In 2018, Sampleo supported the Andros brand in promoting its new dessert Andros Gourmand et Végétal through the voices of 2,400 ambassadors. The results of the campaign effectively met the brand awareness and product recommendation objectives as 1.4 million people were reach online and offline, 13,500 UGCs were published on social media and on the Sampleo website and 93% of the ambassadors recommend this product. Andros Gourmand et Végétal has even become the product with the most positive image in the world of ultra-fresh plants.
How did this nano-influence campaign enable the brand to develop its notoriety while remaining authentic?
Allow consumers full freedom of expression for maximum authenticity
During a nano-influence campaign, the brand gives consumers relatively few guidelines, their only obligation being to communicate. Indeed, the quality and credibility of the content shared by ambassadors depends on the freedom left to their creativity by the brand. As Arnaud Rapp, General Manager at Andros Gourmand et Végétal explains: “What interests us is not necessarily having the maximum reach. We want the maximum quality of contacts and this can only exist if the law is respected, namely free will as to the message”.
A brand chooses to conduct a nano-influence campaign if it is convinced that its product meets a real need. Andros is accessible quality for a wide audience, so nano-influence is an effective lever to reach the general public.
In addition, a score of 5/5 is not considered credible by consumers. Indeed, according to a PowerReviews study, a consumer is more likely to buy a product with an average score between 4.2 and 4.5 than a product rated 5/5.

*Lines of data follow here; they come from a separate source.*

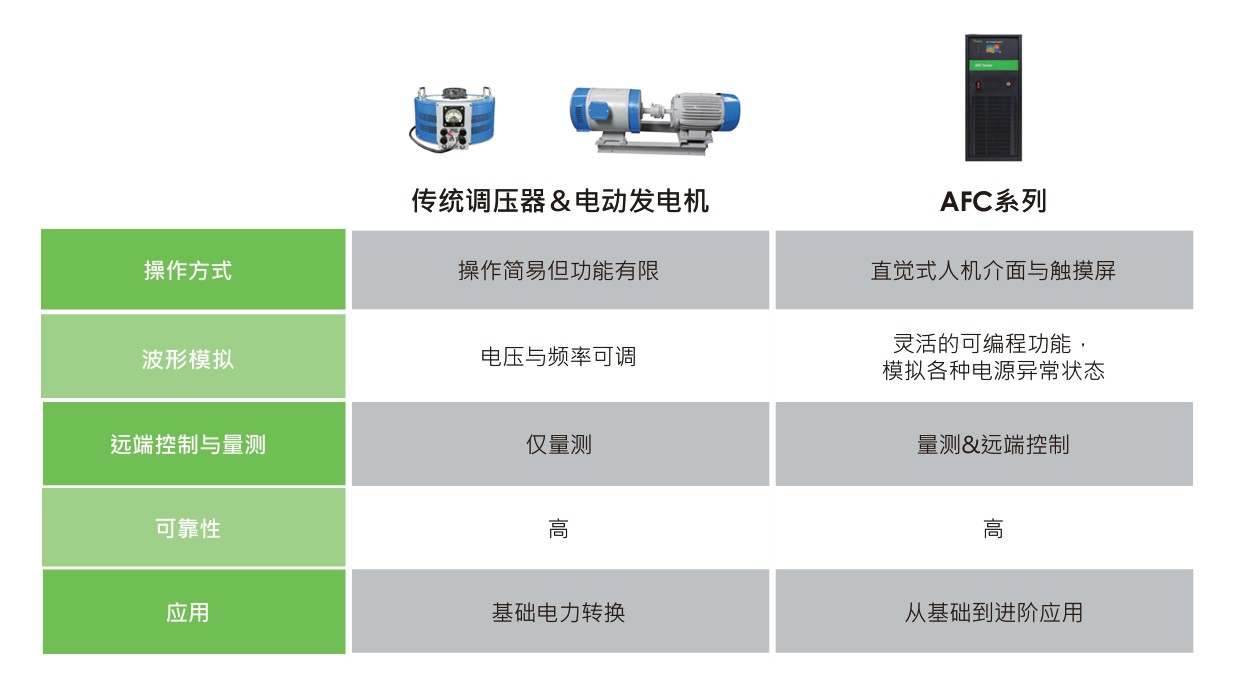 1760587516113936.jpg 量身定制的電壓和頻率轉換解決方案.jpg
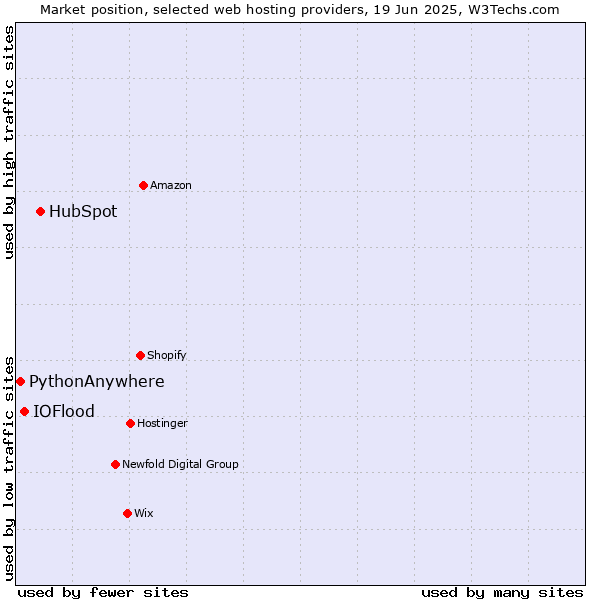Market position of HubSpot vs. IOFlood vs. PythonAnywhere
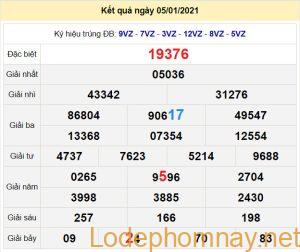 soi cau xsmb 6-1-2021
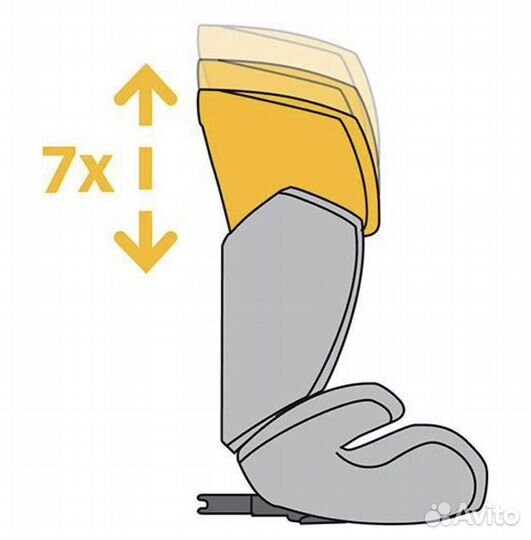 Автокресло CBX by Cybex Free-Fix (15-36 кг)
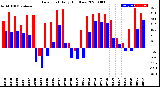 Milwaukee Weather Dew Point<br>Daily High/Low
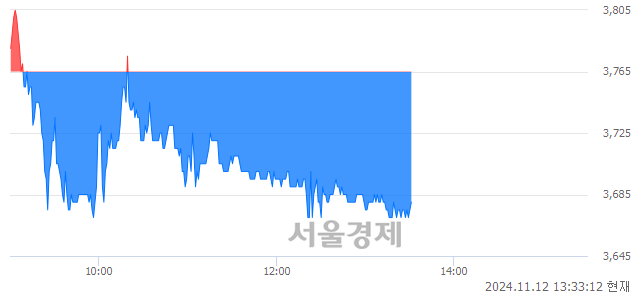 유KG케미칼, 장중 신저가 기록.. 3,765→3,665(▼100)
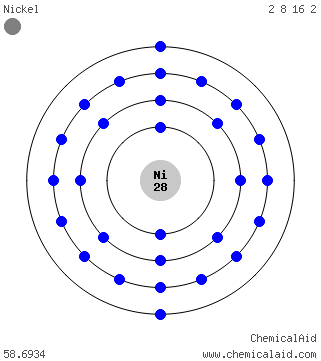 Modello di Bohr di un atomo di nichel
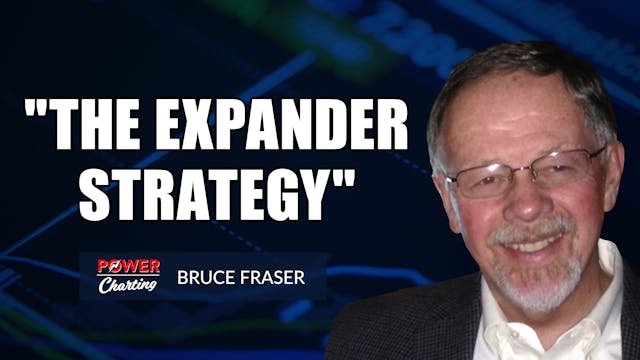"The Expander Strategy" With Wieland ...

What will affect the credibility of the brand’s message is the number of reviews submitted and the fact that they come directly from consumers’ mouths. As Raphaël Demnard, co-founder of Sampleo, explains: “Transparency, honesty and reviews that are not necessarily guided, framed towards positive review but the testimony of his experience in a natural way brings credibility to the whole”.
The collection of insights
A nano-influence campaign also makes it possible to collect insights on consumers’ perception of the product: less positive comments than others are instructive for the brand because they are constructive and benevolent. The latter can then forward them to all its departments in order to improve certain aspects of its product.
These insights can also give surprising results for the brand. For example, during its influence campaign, Andros initially targeted a female audience between 25 and 45 years old. What the brand had no idea was that the dessert was very popular with children.